I’m deploying model 66 and 74 AP’s with two pairs of omni directional antennas. They will be mounted to a 35 to 40 feet ceiling in our warehouse. Are the antennas oriented to be parallel to the floor or perpendicular?
Perpendicular to the floor.
Hey my friend it looks like you're quite familiar with what's going on with antennas. I just bought a 16 DBI antenna and mounted it on my roof but it leans in because of the amount I had to use about 6 in from the top to the bottom not very noticeable but definitely leaning. I am currently trying to join the helium network which mines cryptocurrency over radio waves and I haven't been able to connect to another hotspot in several days and I'm curious whether this little bit of lean maybe shooting my radio waves into the ground on one side and over the hot spots on the other.? I hope you can help me with this and I appreciate you trying to help me.
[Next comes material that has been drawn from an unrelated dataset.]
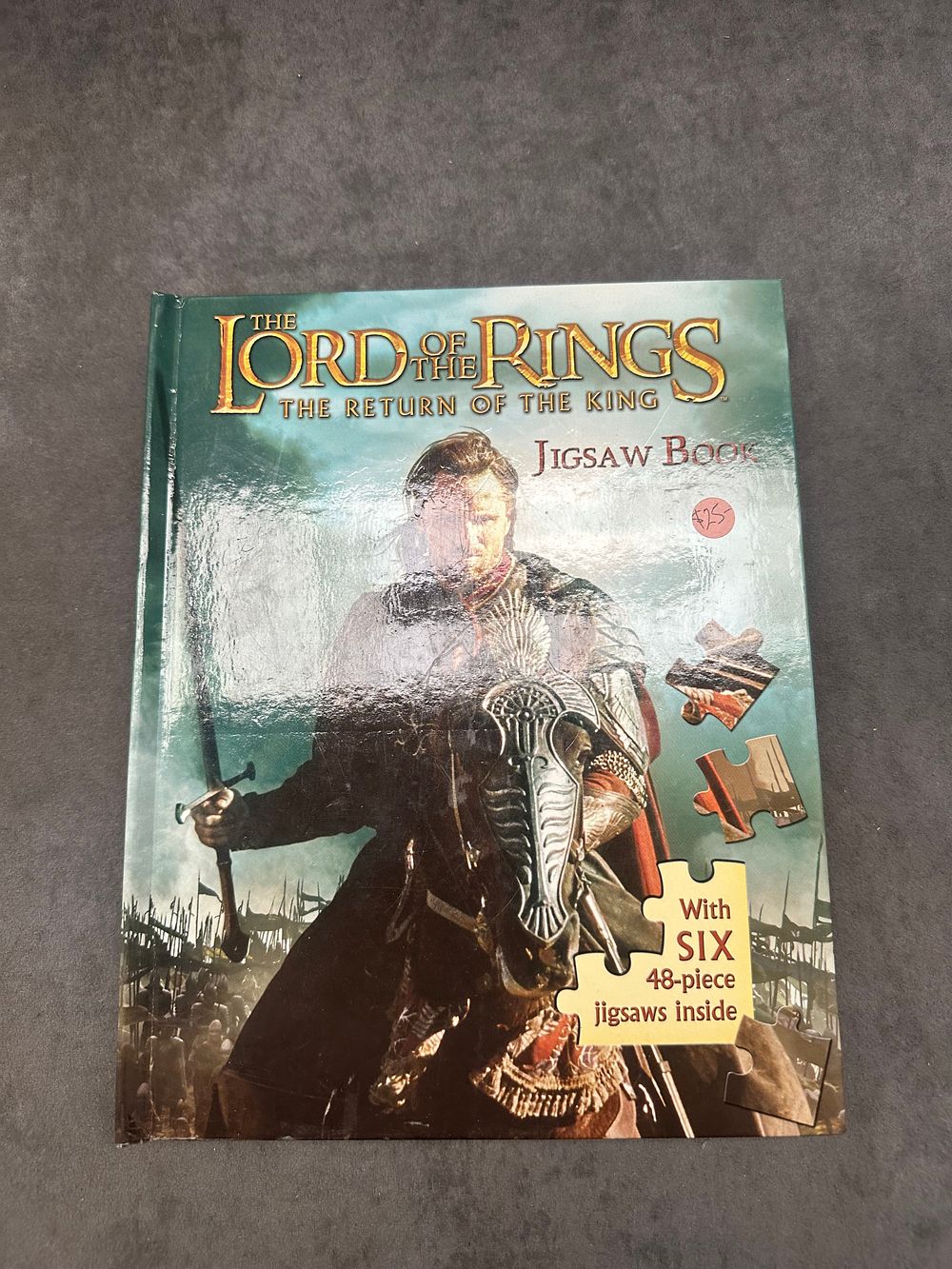 Lot 235: THE LORD OF THE RINGS THE RETURN OF THE KING JIGSAW BOOK WITH SIX PUZZLES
16 dBi is not omni directional but highly directional so you better make sure that antenna is aligned properly. With these kinds of gains you probably have less than 30 degrees before you lose half of your signal.
Did you do a survey for that?
That ceiling height is alot for omni antennas.
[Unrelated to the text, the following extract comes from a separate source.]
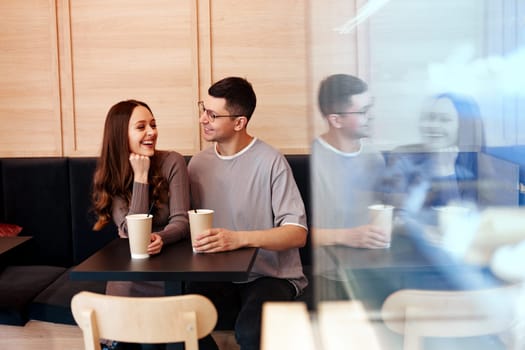 A couple shares smiles and drinks while sitting at a table in a contemporary cafe. The warm atmosphere invites relaxed conversation and connection between them.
No survey done but an educated guess. We had Nortel AP's and purchased Meraki's to replace them. We put them in the same locations because of the cabling was there and the foot print of coverage had not changed. We recently have expanded the coverage footprint and I have engaged an installation crew to pull new cables and mount the AP's. It was brought to my attention from the guy mounting them that the Meraki's AP's he installed over the years that they were mounted facing down and the antennas facing parallel to the floor. My current AP's are all installed 35 feet up with the 2.4 antenna's pointing straight up and the 5 ghz antennas pointing straight down. The Model 66's have been in place like this for 6 years. They only are used for handheld scanners in the warehouse so their bandwidth requirements was small.
I'm kind of stuck on what to do. I opened a support ticket with Meraki today and they said to mount them parallel to the floor.
I really want to know what is optimum orientation
Well I don't have my Ekahau kit at home with me but it has to stay at the office.
Firstly your scanners: do they connect to 2.4 or 5?
What channels do they support?
Is your current Wi-Fi designed for 2.4 or 5?
If you're using OMNI's on the MR74 AP's I have to assume they are MA-ANT-20.
They are quite high in gain especially in the 5 GHz band and judging from the antenna patterns you could have issues if you place them wrong.
Normally you must place omni's perpendicular to the floor because the signal is spread more in the horizontal axis and you lose alot of strength vertically. In normal cases this is no problem but in this case your AP's will be mounted quite high which means your signal will have much lower power on the ground causing potential coverage holes.
If you would mount them parallel to the floor then you will send alot of signal to the floor and in one horizontal axis but quite little in the other. Once again judging from the antenna plot (https://meraki.cisco.com/lib/pdf/meraki_datasheet_antenna_omni_4_7dBi.pdf) if you point the antennas towards the racks and not down the isle you should have the best results. Because you would send the least power to the racks and most down the isle.
You could still end up short though. If you need to test this. Mount an AP temporarily and make sure it does not send out more than 12 dBm of power since that is the max alot of scanners will send back to the AP and do a few tests below the AP and near the edge to where the previous AP could reach.
Else if you know someone with ekahau, ask them to do a quick test with your size of floorplan to see which orientation would have been best however always perform a site survey and never assume another vendors AP's will give the same results as others. Antennas vary wildly.
I did a crude survey 6 years ago after we swapped the Nortels for Meraki. I used InSSIDer. I walked the floor with my laptop and an accurate floor plan. It showed rows and columns every 20 feet. I stood at the intersection and recorded the highest 2.4 signal at that location. I seem to recall 38 to 60 db was the threshold of 'excellent" signal and 88 was high end of weak. The majority of the signals recorded were 55 to 72 db. There were some 'dead' spots then but I know were they are and will put model 74 with MA-ANT-20. to fill in.
I still have to support both 2.4 and 5 but scanners (15 to 18) will use 2.4 on the scanners.
I have 18 Model 66 and 74 AP's to cover 250,000 sqft.
I suspect I'm ok with the orientation of the AP's. I can get them lowered if that would improve coverage. Other that the Model 66's needing rebooted twice a month they have not been a problem.